D’abord le gel tardif avait tué les bourgeons, les changeant en cristaux de givre sur les branches. La mort savait se rendre belle, alors que la vie pouvait être d’une laideur sans nom. Et tandis que les filles du printemps étaient retournées à la terre, la pharmacopée de Nellis, déjà bien appauvrie depuis l’assassinat du Vieux Chêne, se résumait à un amas de fioles et de sachets vides ou presque. Il lui manquait de tout pour préparer un rien, y compris assaisonner le potage. Mú, chasseur en titre du foyer, peinait à combler les estomacs ronchons, ne trouvant guère de gibier, les bêtes feignantes, pas folles, s’entêtant dans leur sieste hibernale.
L’humeur générale au sein du bois frôlait les racines. Les elfes du Cœur-du-Bois se saluaient en grimaçant. Les pumas arboricoles n’avaient plus cœur à jouer avec leurs proies. Les cerfs royaux délaissaient leurs duels pour flâner, hagards, le long des ruisseaux dans l’espoir de croiser un saumon. Jusqu’aux geais de givre qui avaient oublié comment chanter. Les esprits eux-mêmes frissonnaient sous les souches, dans les profondeurs nauséabondes des grottes et à l’ombre des tertres givrés.

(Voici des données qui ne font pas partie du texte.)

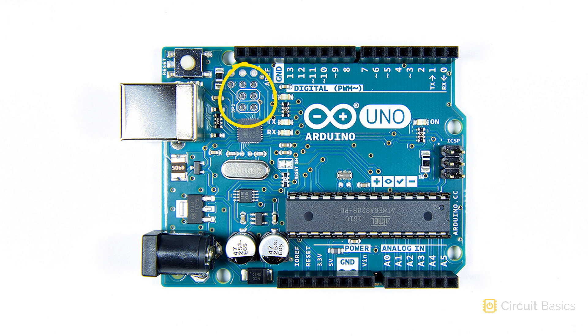This group of pins right here is the in-circuit serial programming header, or ICSP header, for the USB controller. They're the connections for reflashing the firmware on the ATmega16U2. And these pins are the ICSP pins for the ATmega328 — they're the connections for reflashing the firmware on the ATmega328.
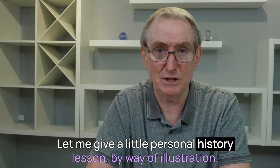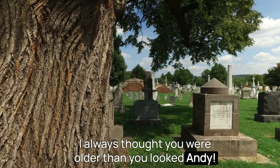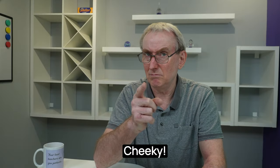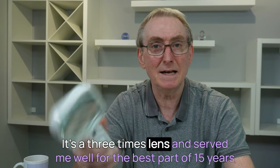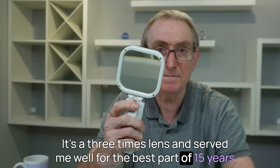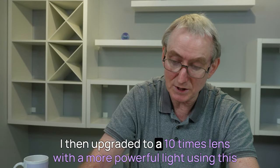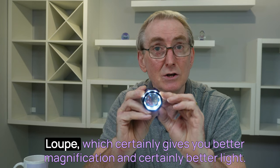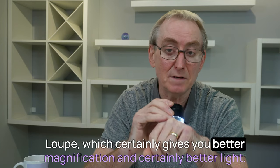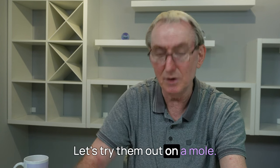Let me give a little personal history lesson by way of illustration. Here's my first magnifying glass — a 3x lens that served me well for the best part of 15 years when I started out in practice. I then upgraded to a 10x lens with a more powerful light using this loop, which certainly gives you better magnification and certainly better light.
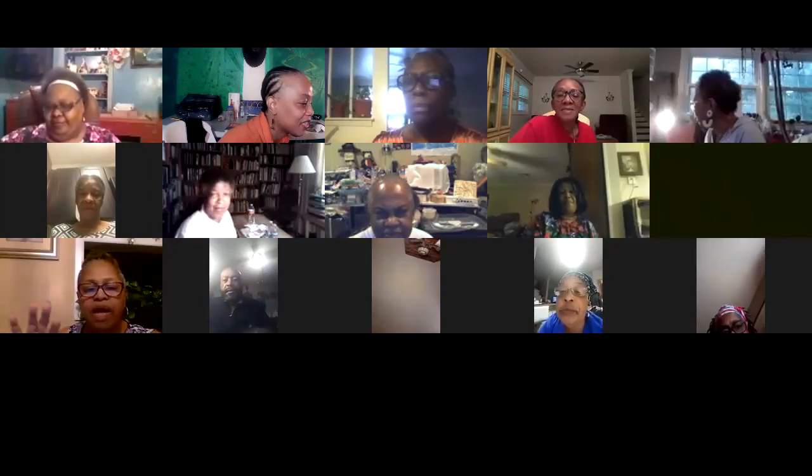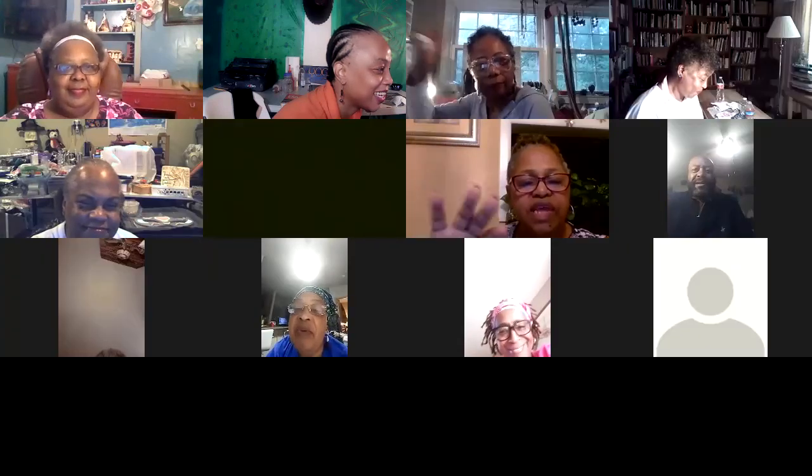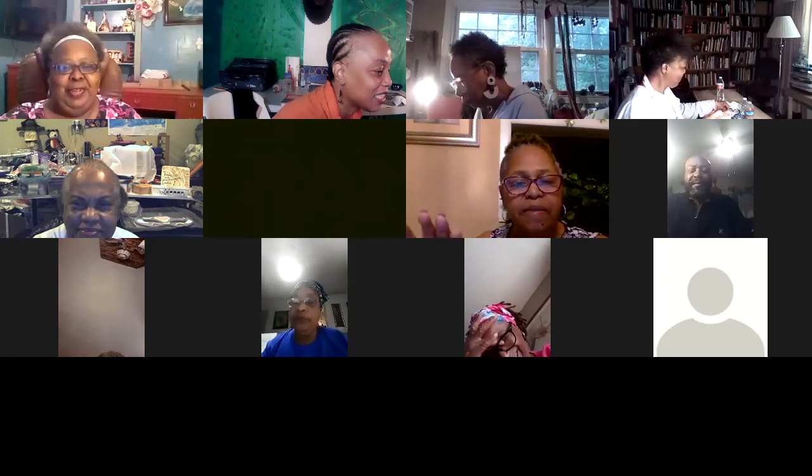All right, anybody have anything else to share? Tomorrow I will have a demonstration for everybody as it pertains to the paper project you're supposed to do, and I'm going to show how I'll be transferring my paper drawing into what I actually plan on creating. We will continue tomorrow. Don't forget — if you're not able to join us tomorrow, you still have the project. My name is Kimberly Wright, thanks for joining us. Good sharing with you today, have a wonderful day everybody.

La vie s’était éteinte avant d’avoir eu l’occasion de renaître. Une simple respiration nécessitait l’effort de soulever une montagne. Ces mêmes montagnes qui se languissaient dans la brume, poisseuse et collante, cette brume laide et déplaisante qui s’accroche à toute chose qu’elle rencontre comme le souffle putrescent de quelque monstre.

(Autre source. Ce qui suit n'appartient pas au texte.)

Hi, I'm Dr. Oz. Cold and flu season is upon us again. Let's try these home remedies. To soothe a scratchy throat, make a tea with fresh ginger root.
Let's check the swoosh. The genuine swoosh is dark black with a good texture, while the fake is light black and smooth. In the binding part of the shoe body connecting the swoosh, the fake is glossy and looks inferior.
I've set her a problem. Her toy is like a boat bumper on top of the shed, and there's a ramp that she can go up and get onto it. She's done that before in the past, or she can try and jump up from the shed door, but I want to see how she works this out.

Partout, de clairières en taupinières, sous la frondaison dépecée du bois autrefois monde, aujourd’hui réduit à un îlot de chagrin, on célébrait toutes sortes de rituels afin d’encourager la Reine du Printemps dans sa lutte contre l’usurpatrice aux doigts gelés. Vaines paroles mâchées par la bise aux dents tranchantes qui déchire la frêle ramure du timide cerisier. Maman Lune pouvait toujours gonfler ses joues dorées du haut de ses confins étoilés, l’hiver, aux portes du sommeil, se bornait dans ses caprices d’enfant gâté, et la mère du bois, vexée, s’en allait se cacher derrière un voile de nuée. À l’aune de chaque crépuscule naissant, retardé à mesure qu’avançaient les jours, les flambeaux enfumaient le brouillard obscur de leur haleine d’encens, et dans le cercle embrasé, les elfes ivres des dernières liqueurs d’été dansaient afin d’édenter la bise. Vaines folies dissipées par l’envol des nuits, mortifères nuits dénuées de la moindre grâce.

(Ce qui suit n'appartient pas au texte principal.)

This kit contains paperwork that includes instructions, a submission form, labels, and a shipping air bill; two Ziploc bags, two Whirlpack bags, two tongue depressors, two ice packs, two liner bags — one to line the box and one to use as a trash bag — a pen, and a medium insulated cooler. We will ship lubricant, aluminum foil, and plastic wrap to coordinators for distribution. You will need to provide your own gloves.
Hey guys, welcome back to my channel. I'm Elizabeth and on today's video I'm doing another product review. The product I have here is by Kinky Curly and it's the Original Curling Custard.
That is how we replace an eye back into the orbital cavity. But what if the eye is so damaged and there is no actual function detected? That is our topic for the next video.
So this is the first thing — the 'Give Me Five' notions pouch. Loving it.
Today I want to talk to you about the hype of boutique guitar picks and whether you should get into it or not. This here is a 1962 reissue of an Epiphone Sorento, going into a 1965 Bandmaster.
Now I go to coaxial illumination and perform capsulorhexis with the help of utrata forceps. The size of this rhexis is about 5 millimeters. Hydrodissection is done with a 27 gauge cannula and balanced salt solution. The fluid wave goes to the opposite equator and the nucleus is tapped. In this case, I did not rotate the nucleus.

Grâce à ? Plutôt à cause. De qui ? De la sorcière évidemment ! Cette méchante sorcière qui se cramponne au destin du bois depuis tant d’années. Ses exploits face aux panthères d’érèbe et son sacrifice pour sauver le bois ? Effacés des mémoires comme le souvenir de la saveur des fraises et des feuilles d’érable. L’oubli. Vilaine tumeur qui dévore la raison pour recracher la turpitude. Pas un seul jour triste ne s’écoulait sans que Nellis ne trébuche sur une mauvaise rumeur ou ne heurte quelque vilénie lancée sur son chemin sous couvert du brouillard.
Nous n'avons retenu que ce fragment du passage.